Everything from the line containing "hollie joliie online show from 23, 2, 2026" down to the last line below should be set down exactly, and only that, without the pictures.

DATA SEGMENT →

━━━━━━━━━━━━━━━━━━━━━━━━━━━━━━

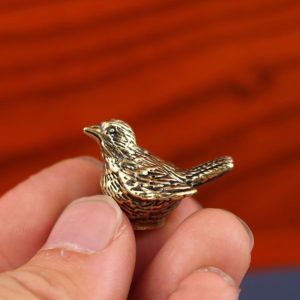 JAYQQ Đồ trang trí bàn làm việc Tượng chim sẻ bằng đồng thau Mini Đồ trang trí hình chim Được cá nhân hóa Tượng chim Quà Giáng Sinh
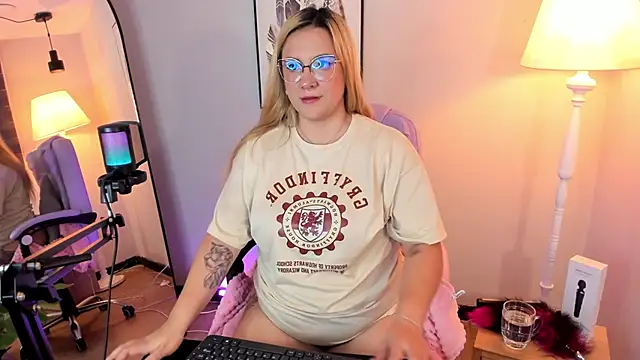 hollie joliie online show from 23, 2, 2026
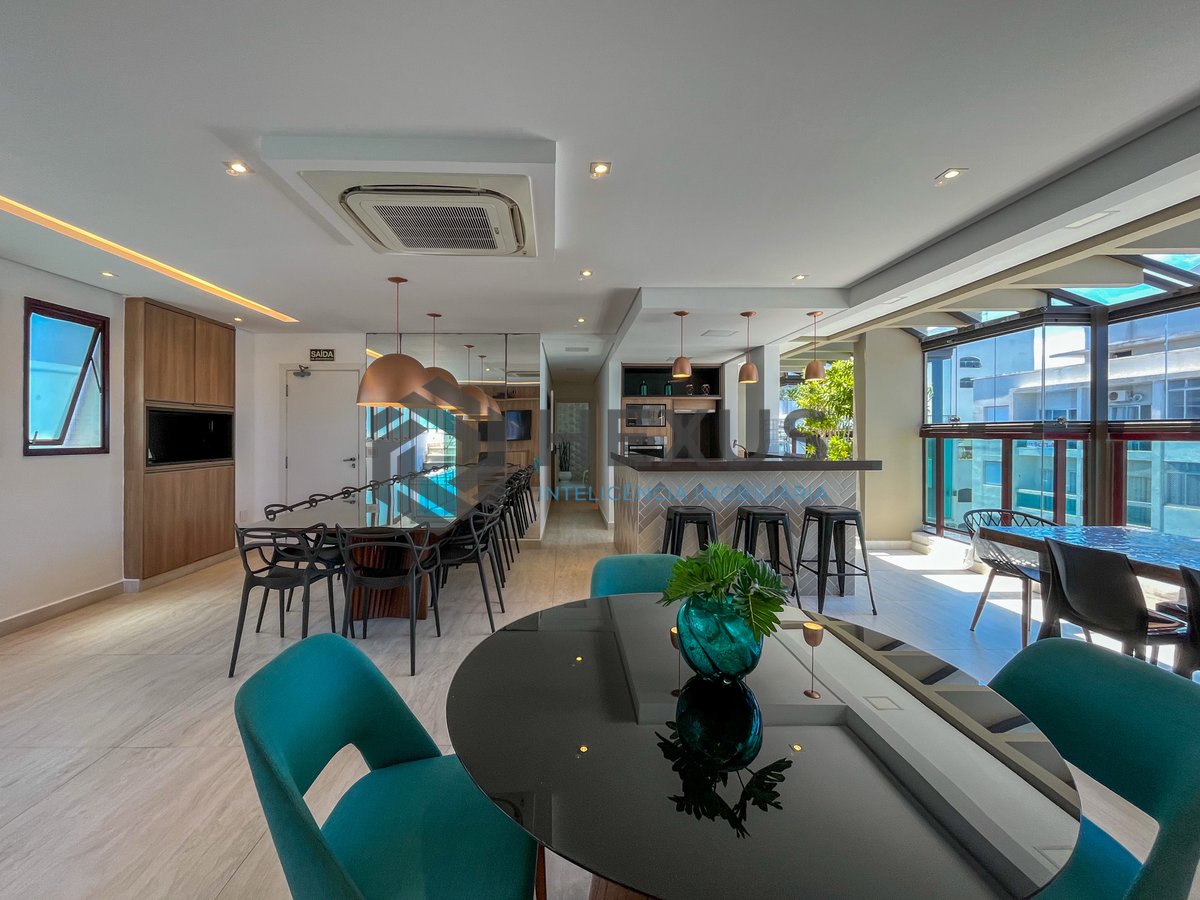 Foto 45 de Apartamento reformado frente mar de alto padrão com varanda e lazer, Pitangueiras, Guaruja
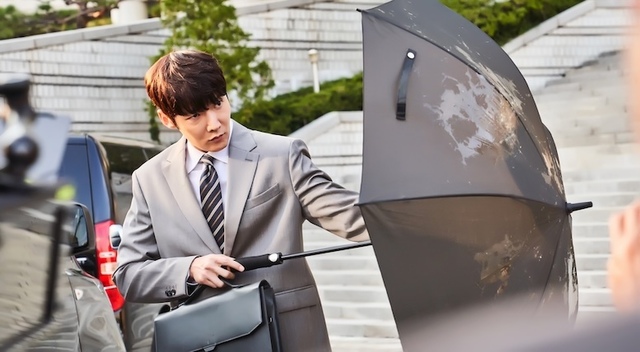 Netflixシリーズ『Missナイト & Missデイ』独占配信中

━━━━━━━━━━━━━━━━━━━━━━━━━━━━━━

RESPONSE AREA →
 hollie joliie online show from 23, 2, 2026
 Foto 45 de Apartamento reformado frente mar de alto padrão com varanda e lazer, Pitangueiras, Guaruja
 Netflixシリーズ『Missナイト & Missデイ』独占配信中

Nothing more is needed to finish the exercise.